DALIL-DALIL AL-QUR’AN

Adapun dalil-dalil sifat sama’ bagi Allâh Azza wa Jalla di dalam al-Qur’an antara lain Allâh Azza wa Jalla berfirman:

قَالَ لَا تَخَافَا ۖ إِنَّنِي مَعَكُمَا أَسْمَعُ وَأَرَىٰ

Allâh berfirman: “Janganlah kamu berdua (Musa dan Harun) khawatir, sesungguhnya Aku beserta kamu berdua, Aku mendengar dan melihat.” [Thaha/20:46]

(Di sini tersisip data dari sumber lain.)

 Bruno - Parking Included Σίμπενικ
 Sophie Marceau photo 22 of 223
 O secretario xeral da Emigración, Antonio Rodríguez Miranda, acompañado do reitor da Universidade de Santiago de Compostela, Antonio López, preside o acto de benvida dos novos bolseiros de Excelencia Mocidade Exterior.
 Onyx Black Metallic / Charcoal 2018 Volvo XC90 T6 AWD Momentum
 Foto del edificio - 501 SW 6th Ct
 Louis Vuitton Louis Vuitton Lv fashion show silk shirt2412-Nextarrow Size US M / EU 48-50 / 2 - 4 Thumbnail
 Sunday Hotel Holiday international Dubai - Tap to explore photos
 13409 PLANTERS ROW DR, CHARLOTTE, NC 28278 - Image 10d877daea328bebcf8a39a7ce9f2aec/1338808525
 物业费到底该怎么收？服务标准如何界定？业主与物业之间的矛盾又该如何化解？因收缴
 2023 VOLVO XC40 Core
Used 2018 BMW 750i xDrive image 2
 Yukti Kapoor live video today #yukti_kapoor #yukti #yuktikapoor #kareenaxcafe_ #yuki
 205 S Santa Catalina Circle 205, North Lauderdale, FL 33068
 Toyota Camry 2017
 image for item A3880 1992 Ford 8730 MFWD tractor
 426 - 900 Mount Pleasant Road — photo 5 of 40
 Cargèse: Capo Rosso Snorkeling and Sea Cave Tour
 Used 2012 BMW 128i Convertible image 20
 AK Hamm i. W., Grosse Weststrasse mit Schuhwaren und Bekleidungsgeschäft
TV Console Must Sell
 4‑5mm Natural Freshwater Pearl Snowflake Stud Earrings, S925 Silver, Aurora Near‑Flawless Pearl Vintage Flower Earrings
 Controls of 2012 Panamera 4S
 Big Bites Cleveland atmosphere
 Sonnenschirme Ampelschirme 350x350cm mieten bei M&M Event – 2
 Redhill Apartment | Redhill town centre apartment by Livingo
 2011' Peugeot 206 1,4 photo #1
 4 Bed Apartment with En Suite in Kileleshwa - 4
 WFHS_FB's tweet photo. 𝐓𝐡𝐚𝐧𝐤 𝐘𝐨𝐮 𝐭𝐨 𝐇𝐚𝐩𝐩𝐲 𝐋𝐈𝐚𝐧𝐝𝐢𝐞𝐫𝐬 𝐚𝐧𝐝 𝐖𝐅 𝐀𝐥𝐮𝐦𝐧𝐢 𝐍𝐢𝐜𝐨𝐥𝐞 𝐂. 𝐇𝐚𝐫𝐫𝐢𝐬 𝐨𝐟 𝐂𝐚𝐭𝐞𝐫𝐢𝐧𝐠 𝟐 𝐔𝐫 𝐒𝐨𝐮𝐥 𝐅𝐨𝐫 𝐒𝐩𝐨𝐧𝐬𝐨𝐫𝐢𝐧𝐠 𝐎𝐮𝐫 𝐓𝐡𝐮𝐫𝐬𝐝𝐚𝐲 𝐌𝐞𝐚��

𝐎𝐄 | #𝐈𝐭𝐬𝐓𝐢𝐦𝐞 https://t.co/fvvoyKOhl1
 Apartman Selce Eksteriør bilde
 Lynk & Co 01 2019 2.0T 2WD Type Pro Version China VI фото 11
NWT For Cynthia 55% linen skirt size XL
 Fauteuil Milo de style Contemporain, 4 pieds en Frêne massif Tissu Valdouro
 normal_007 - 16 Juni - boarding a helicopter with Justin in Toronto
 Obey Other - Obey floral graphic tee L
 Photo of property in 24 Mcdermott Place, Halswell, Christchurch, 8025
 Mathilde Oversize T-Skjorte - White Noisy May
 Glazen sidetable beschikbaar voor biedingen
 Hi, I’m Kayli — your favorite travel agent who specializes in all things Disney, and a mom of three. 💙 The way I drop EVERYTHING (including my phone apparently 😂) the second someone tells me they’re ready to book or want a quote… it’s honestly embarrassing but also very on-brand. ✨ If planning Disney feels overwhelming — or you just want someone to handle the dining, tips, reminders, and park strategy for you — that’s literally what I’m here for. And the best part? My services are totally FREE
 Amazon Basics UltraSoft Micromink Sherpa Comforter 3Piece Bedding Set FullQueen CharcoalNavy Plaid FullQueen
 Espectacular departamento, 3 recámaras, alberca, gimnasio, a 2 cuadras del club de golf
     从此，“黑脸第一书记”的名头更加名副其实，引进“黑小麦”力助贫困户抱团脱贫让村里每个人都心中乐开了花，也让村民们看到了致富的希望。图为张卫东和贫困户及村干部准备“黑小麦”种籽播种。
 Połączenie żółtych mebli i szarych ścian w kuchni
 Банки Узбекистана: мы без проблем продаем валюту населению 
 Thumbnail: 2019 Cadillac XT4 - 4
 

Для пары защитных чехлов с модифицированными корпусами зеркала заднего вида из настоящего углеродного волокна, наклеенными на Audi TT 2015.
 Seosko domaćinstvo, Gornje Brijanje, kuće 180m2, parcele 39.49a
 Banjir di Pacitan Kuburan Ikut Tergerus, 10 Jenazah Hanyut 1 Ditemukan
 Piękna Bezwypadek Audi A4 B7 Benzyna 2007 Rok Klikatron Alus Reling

قَدْ سَمِعَ اللَّهُ قَوْلَ الَّتِي تُجَادِلُكَ فِي زَوْجِهَا وَتَشْتَكِي إِلَى اللَّهِ وَاللَّهُ يَسْمَعُ تَحَاوُرَكُمَا ۚ إِنَّ اللَّهَ سَمِيعٌ بَصِيرٌ

Sesungguhnya Allâh telah mendengar perkataan wanita yang mengajukan gugatan kepada kamu tentang suaminya, dan mengadukan (halnya) kepada Allâh. Dan Allâh mendengar soal jawab antara kamu berdua. Sesungguhnya Allâh Maha Mendengar lagi Maha Melihat. [Al-Mujâdilah/58:1]

Tentu sifat mendengar Allâh berbeda dengan sifat mendengar makhluk, sebagaimana firman Allâh Azza wa Jalla :

لَيْسَ كَمِثْلِهِ شَيْءٌ ۖ وَهُوَ السَّمِيعُ الْبَصِيرُ

Tidak ada sesuatupun yang serupa dengan Dia, dan Dia-lah yang Maha Mendengar dan Melihat. [Asy-Syura/42:11]

Ayat ini menunjukkan kewajiban menolak tamtsil (menyerupakan Allâh dengan makhluk), dan wajib menetapkan nama dan sifat Allâh.

DALIL-DALIL SUNNAH

عَنْ عَائِشَةَ، أَنَّهَا قَالَتْ: ” الْحَمْدُ لِلَّهِ الَّذِي وَسِعَ سَمْعُهُ الْأَصْوَاتَ، لَقَدْ جَاءَتْ خَوْلَةُ إِلَى رَسُولِ اللَّهِ صَلَّى اللهُ عَلَيْهِ وَسَلَّمَ تَشْكُو زَوْجَهَا، فَكَانَ يَخْفَى عَلَيَّ كَلَامُهَا، فَأَنْزَلَ اللَّهُ عَزَّ وَجَلَّ {قَدْ سَمِعَ اللَّهُ قَوْلَ الَّتِي تُجَادِلُكَ فِي زَوْجِهَا وَتَشْتَكِي إِلَى اللَّهِ وَاللَّهُ يَسْمَعُ تَحَاوُرَكُمَا} [المجادلة: 1] ” الْآيَةَ

Dari ‘Aisyah Radhiyallahuanhuma, bahwa dia berkata: “Segala puji bagi Allâh yang pendengaran-Nya mencakup semua suara. Sesungguhnya Khaulah telah mendatangi Rasûlullâh Shallallahu ‘alaihi wa sallam mengadukan suaminya. Suara Khaulah samar bagiku, namun Allâh ‘Azza wa Jalla menurunkan (ayat) “Sesungguhnya Allâh telah mendengar perkataan wanita yang mengajukan gugatan kepada kamu tentang suaminya, dan mengadukan (halnya) kepada Allâh. Dan Allâh mendengar soal jawab antara kamu berdua. (Al-Mujadilah/58: 1) [HR. Nasâi, no. 3460 -dan ini lafazhnya-; Ibnu Mâjah, no. 188; Ahmad, no. 24195. Hadits ini dihukumi shahih oleh al-Albâni, Syu’aib al-Arnauth, dll]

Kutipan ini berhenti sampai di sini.